The steward emerged from the wheelhouse and stood at the rail. “What do you make of her, sir?”
Janvier shrugged. “God knows. Better get the captain.”
A third sailor appeared in the conning tower, a signaling lamp in his hands. The submarine moved in closer, narrowing the gap, and the lamp started to wink rapidly.
A reserve naval officer, Janvier had no difficulty in reading the signal for himself. When he had deciphered it he stood at the rail frowning for a moment, then went into the wheelhouse and unhooked the signal-lamp.
As he moved back to the rail, the light flickered again from the conning tower, repeating her request.
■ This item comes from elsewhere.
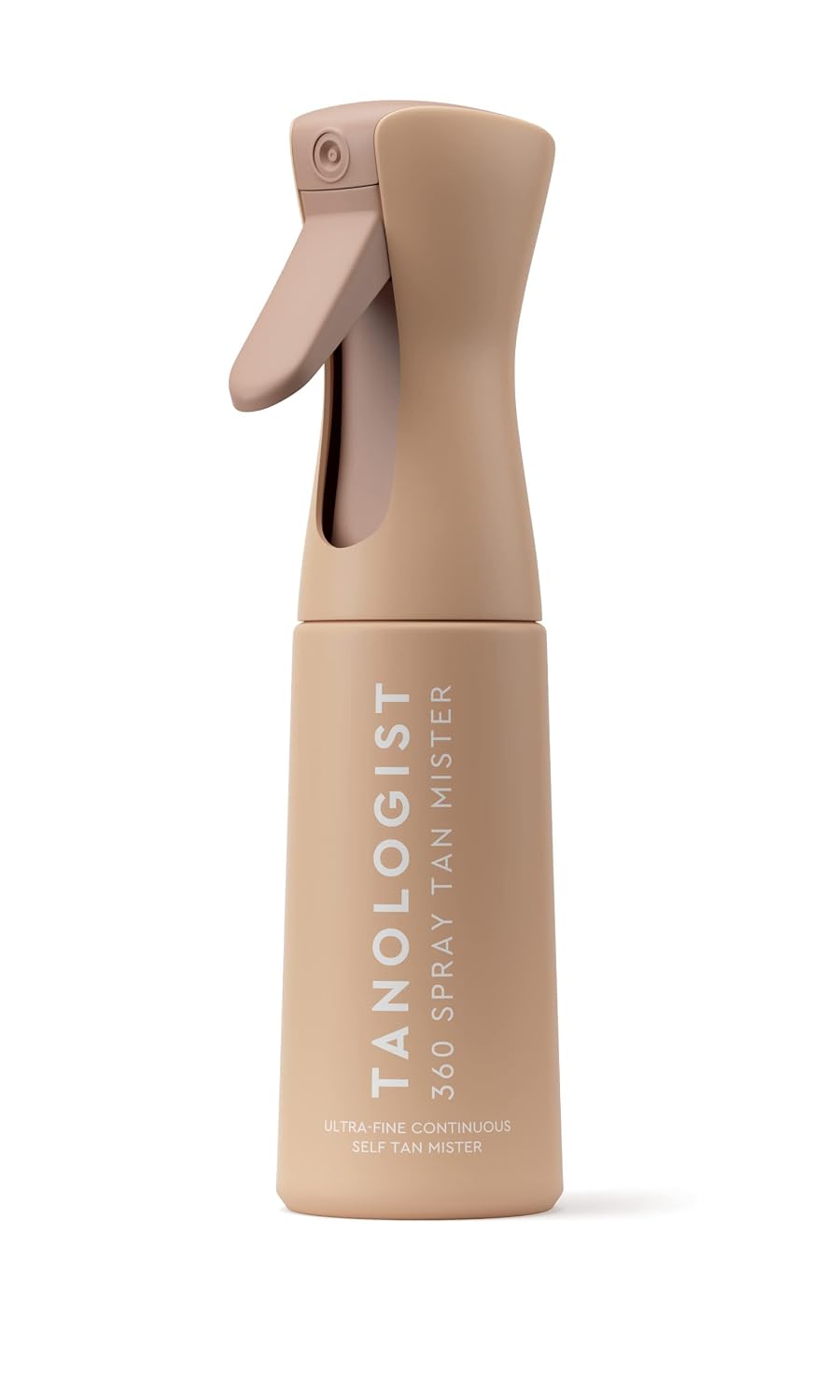 Detalle de Tanologist Spray Tan Mister 360 rechargeable mister for travel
As Janvier replied with the “Message received” signal, the captain came up the ladder from the well-deck, the quartermaster close behind.
Henri Duclos was nearly fifty, and after thirty years at sea, five of them as a corvette captain with the Free French Navy, he found it difficult to be surprised by anything.
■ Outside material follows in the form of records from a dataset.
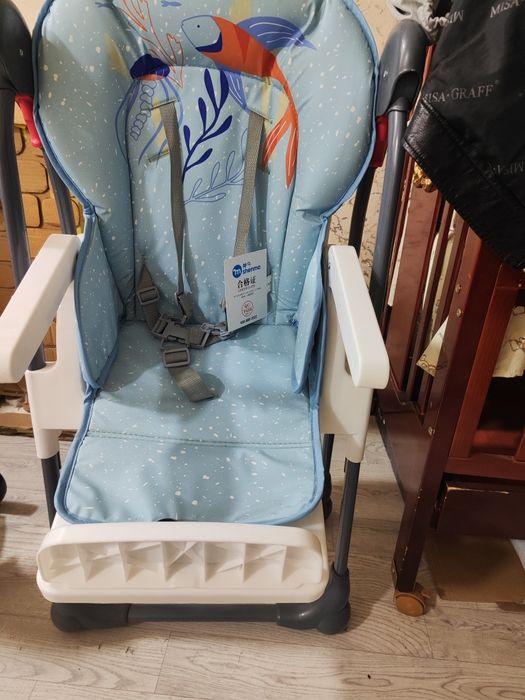 Стульчики для кормления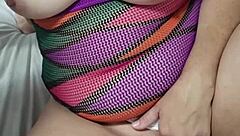 watch my wife's big ass pussy boobs webcam show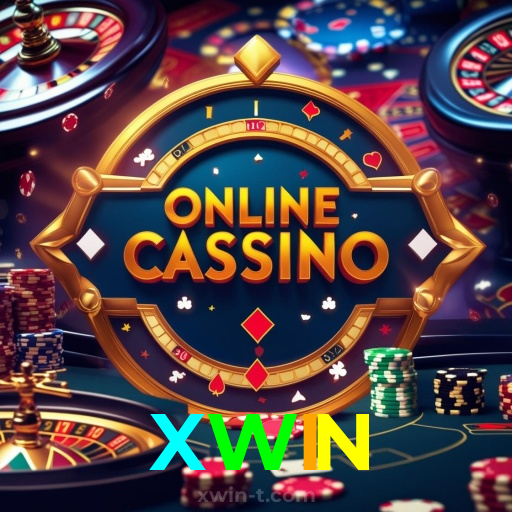XWIN:Cada giro nas slots é uma chance de mudar sua sorte!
“What’s all this?” he demanded.
“They’ve made the same signal twice,” Janvier told him.
“ "Heave to. I wish to come aboard." “
“What have you replied?”
“Message received.”
Duclos went into the wheelhouse and came back with a pair of binoculars. He examined the submarine for a moment and grunted. “She’s French all right. I can see the uniforms. Small for a sub, though.” He handed the binoculars to the quartermaster. “What do you make of her?”
The old man took his time and then nodded. “L’Alouette. I saw her in Oran last year when the fleet was exercising. An ex-U-boat. Experimental job the Germans were working on at the end of the war. One of those the navy took over.”
“So now we know who she is,” Duclos said. “The point is what in the hell does she want with us?” He turned to Janvier. “Ask her to be more explicit.”